Families and individuals seeking public housing and housing choice vouchers (HCVs) face a long wait, reveals a new study by the National Low Income Housing Coalition (NLIHC).

To dig into the issue, NLIHC recently surveyed 320 public housing authorities about their waiting lists. The results are sobering:

Diane Yentel
Diane Yentel

· 53% of HCV waiting lists were closed to new applicants, and 65% of HCV waiting lists closed to the general public had been shut for at least one year;
· The median HCV waiting list had a wait time of 1.5 years, and 25% of HCV waiting lists had a wait time of three years or longer;
· 11% of public housing waiting lists were closed to new applicants, and 37% of public housing waiting lists closed to the general public had been closed for at least one year;
· The median public housing waiting list had a wait time of nine months, and 25% of public housing waiting lists had a wait time of 1.5 years or longer;
· Families with children accounted for 60% of households on the average HCV waiting list and 46% of households on the typical public housing waiting list; and
· Seniors comprised the most common type of household on 15% of the public housing waiting lists for which these data were provided.

“Most of the poor families that are unable to obtain affordable homes spend more than half of their limited incomes on housing. They face impossible choices between paying the rent or paying for food, medicine, transportation, or child care,” says Diane Yentel, NLIHC president and CEO. “Congress can make more housing affordable to the lowest-income people by significantly increasing investments in deeply targeted and highly effective tools like housing choice vouchers, public housing, and the National Housing Trust Fund.”

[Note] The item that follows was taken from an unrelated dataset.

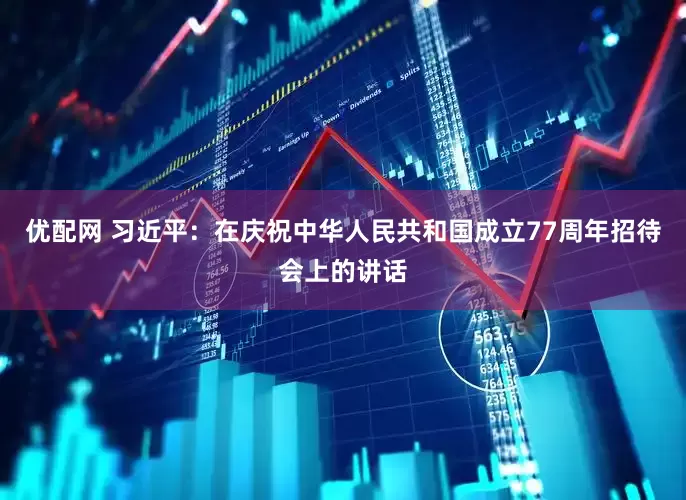 优配网 习近平：在庆祝中华人民共和国成立77周年招待会上的讲话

Several bills in Congress would expand funding for critical affordable housing programs. These bills include the Pathways out of Poverty Act (H.R. 2721) and the Common Sense Housing Investment Act (H.R. 1662), which propose modest changes to the mortgage interest deduction to provide additional funds for both vouchers and public housing, as well as the National Housing Trust Fund; the Ending Homelessness Act of 2016 (H.R. 4888), which would increase funding for vouchers; and the Affordable Housing Credit Improvement Act (S. 3237), which would better target the low-income housing tax credit program to extremely low-income renters.